So yeah, that feedback culture is really important and also I think that helped me to develop and grow in bringing me around and actually, empowering them and allowing them to come up with a solution they felt was right.

Katie: That's great. Yeah. So that kind of trust culture was already there when you started that process?

Natalie Haskell: Yeah, I think so. Yes. Yeah.

Henry Stewart: Thank you. We have a question from Lucy C. Would you like to ask that?

Lucy C: Hello. Sorry, my neighbors just pulled out the lawn mowers - background noise! I was just gonna ask, is there any formal way that you kind of recognize your own and each other's, like small p purpose? Do you write it down or record it anywhere, or is it just being mindful of it while you go about your day-to-day work?

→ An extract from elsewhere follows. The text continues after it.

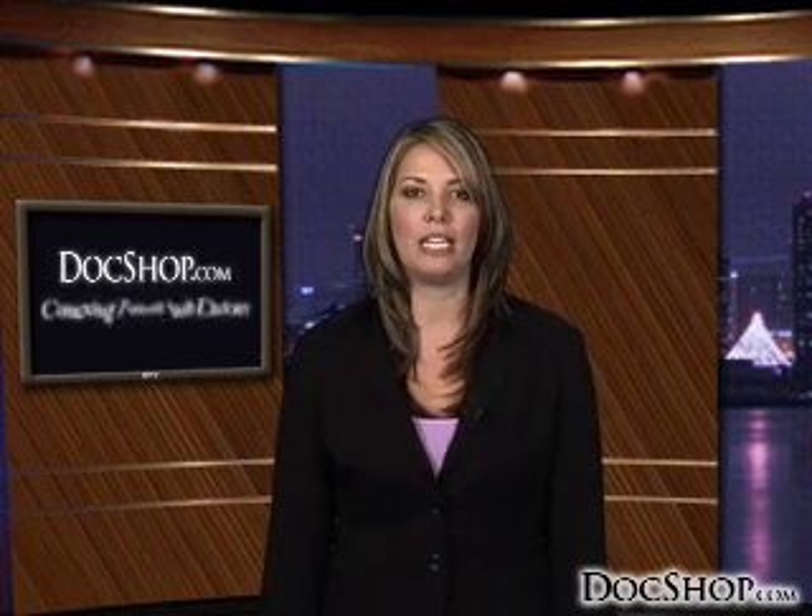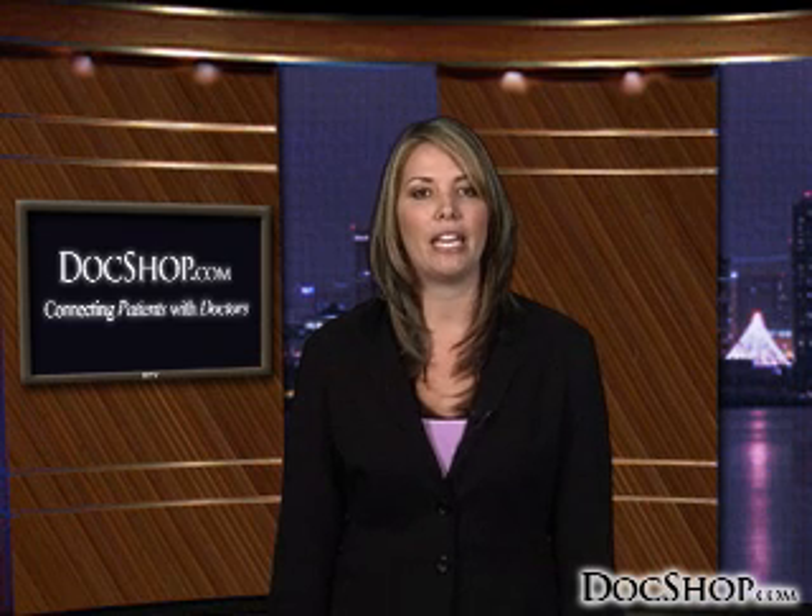CK produces almost immediate results, involves little to no pain, and has helped many patients reduce or even eliminate the need for eyeglasses or reading aids. Contact a CK physician near you through DocShop.com and find out if this revolutionary treatment is for you.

Natalie Haskell: We do actually. So we use it as part of our one-to-one frameworks as well. So really understanding how people know they've made a difference. But we also do this thing organisationally, and I got no idea how sustainable this is gonna be as we grow. But every week we do a weekly roundup and we share it in a few different formats, but it's a kind of email newsletter, and we also use it in our team meetings, but at the end of the week, each of us will reflect on what went well, what maybe didn't go well, perhaps something we've enjoyed, something that we're grateful for, a way that we may have contributed. And it's completely optional, which fields you input into, but it just allows you to share and celebrate with colleagues and for me whilst working remotely and also not being close to all of the thing. It's so useful to get a sense check on how people are feeling. You get so much insight just from those couple of sentences in the weekly roundup you know, it might be that you follow up with someone to check in or you can really recognize something that someone's done or that they're proud of and you really get a great view on where the team is at.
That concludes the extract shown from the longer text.